# Dead pixels. [DMG-01 AKA Original Gameboy]



## TheJorsh (Apr 23, 2010)

Yep.
I don't really have any big explanation for this.
It's just pretty much impossible nowadays to have a DMG with a fully working screen.
So here's my question:
Where can I find replacement screens?
Is it even possible to replace the screen?
Every time I search for one, I find covers, but not the actual screen.
Anybody know where I'd be able to get one?
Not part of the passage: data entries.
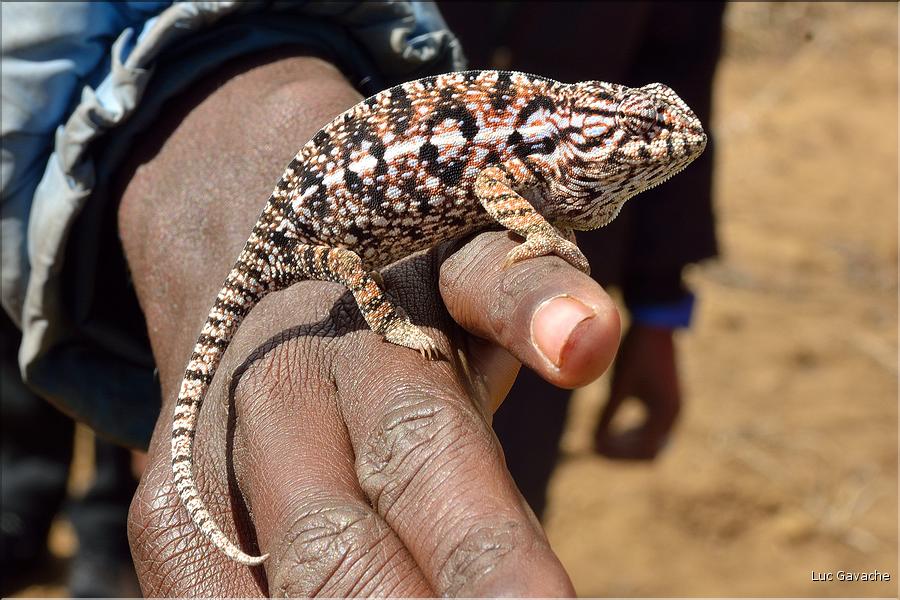 La réserve d'Anja abrite différentes espèces de caméléons. A noter que sur 150 espèces connues, près de la moitié vit à Madagascar (1)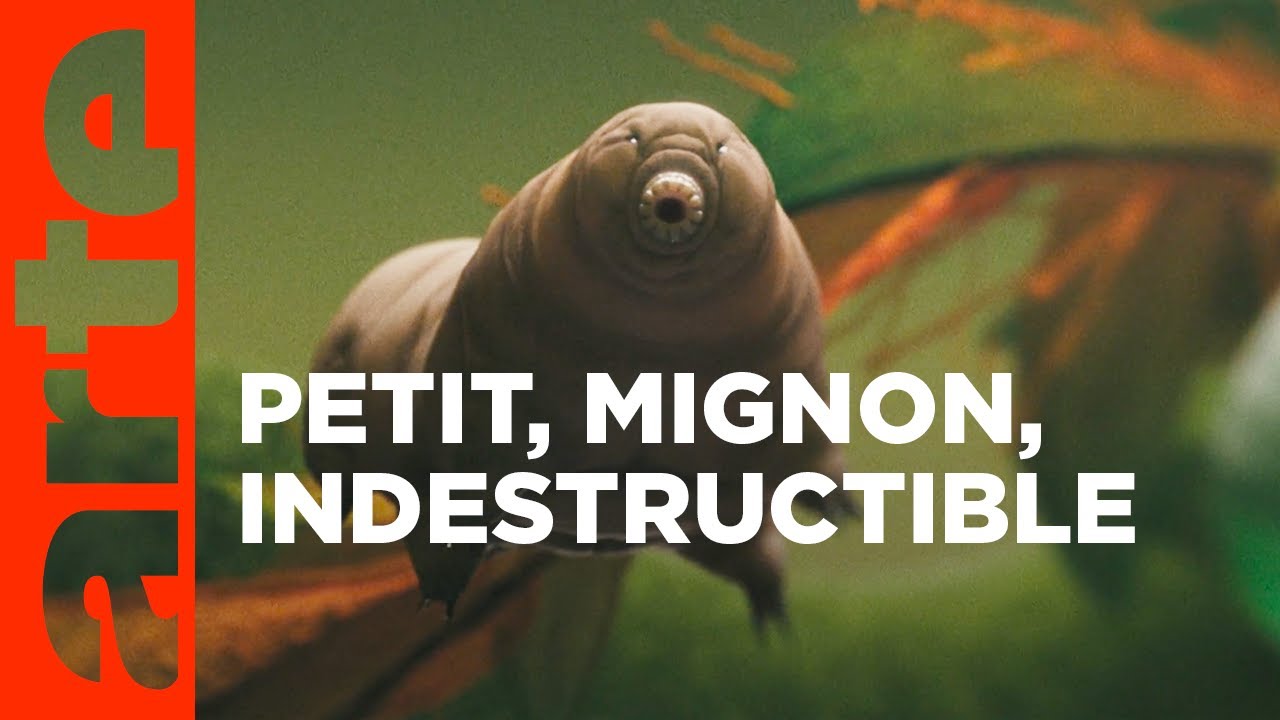 Tardigrade, l'animal indestructible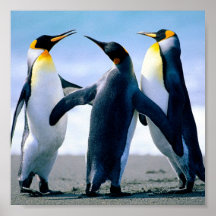Poster feliz de los pingüinos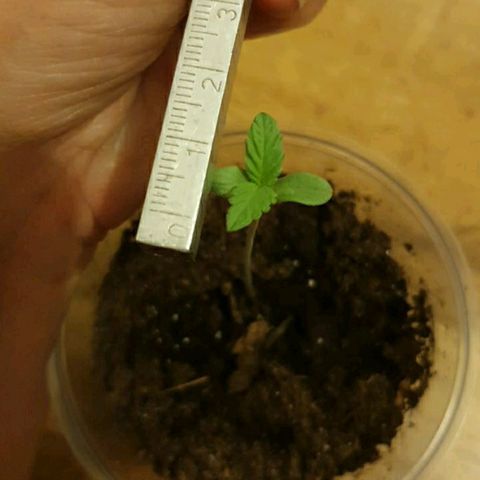 La nitt (amnesia XXL) growlog photo: Pas mal, même si depuis qques, jours c assez lent 😁👍🏾. A 00h30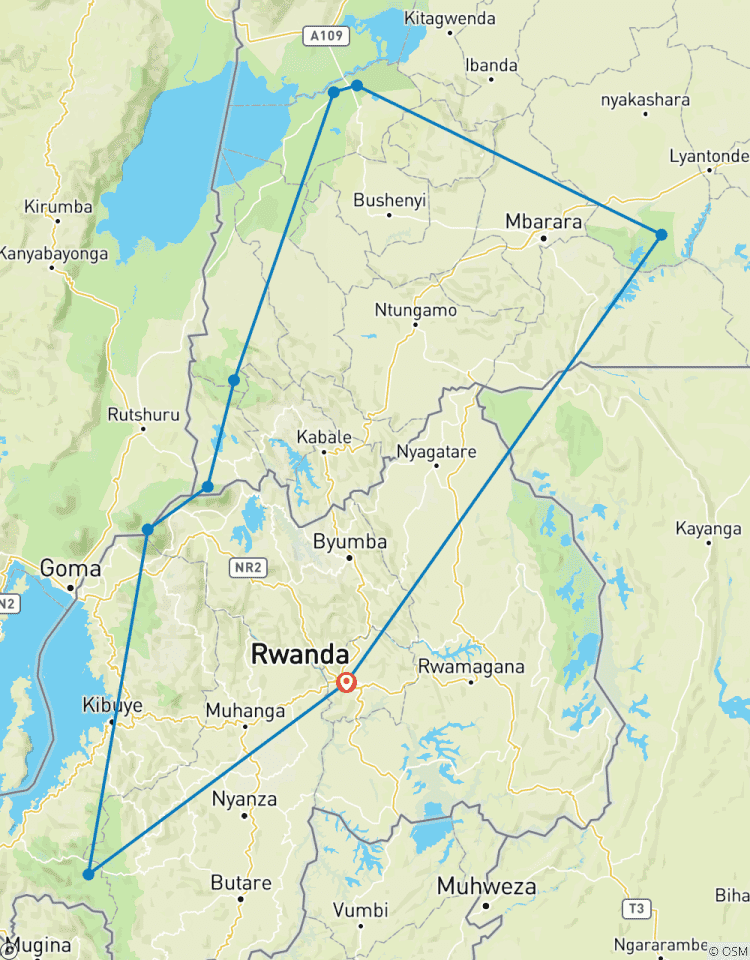 10 Day Rwanda Uganda Chimpanzee Trekking, Gorilla Tracking & Wildlife Tour Tour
EDIT: Also, where would one find replacement buttons?
I'm not having any sort of problem with the buttons right now, but if I ever do, or I just want to change the colors, that'd be cool.


----------



## blueskies (Apr 23, 2010)

if you have a vertical line of dead pixels on your dmg (or a horizontal line on the gameboy pocket) read this thread. It describes a very easy method to repair a line of dead pixels. Actually that whole forum has tips on fixing, modding, playing with old gameboy hardware. And if it's beyond repair, check the sale thread and get a new one on the cheap.


----------



## TheJorsh (Apr 23, 2010)

I have a couple vertical lines on the very left edge, and then a big thick line (also vertical) on the right side, that's just big enough to hide Mario in Donkey Kong '94. 
	

	
	
		
		

		
			




I'll see if anything on there helps.
Thanks!


----------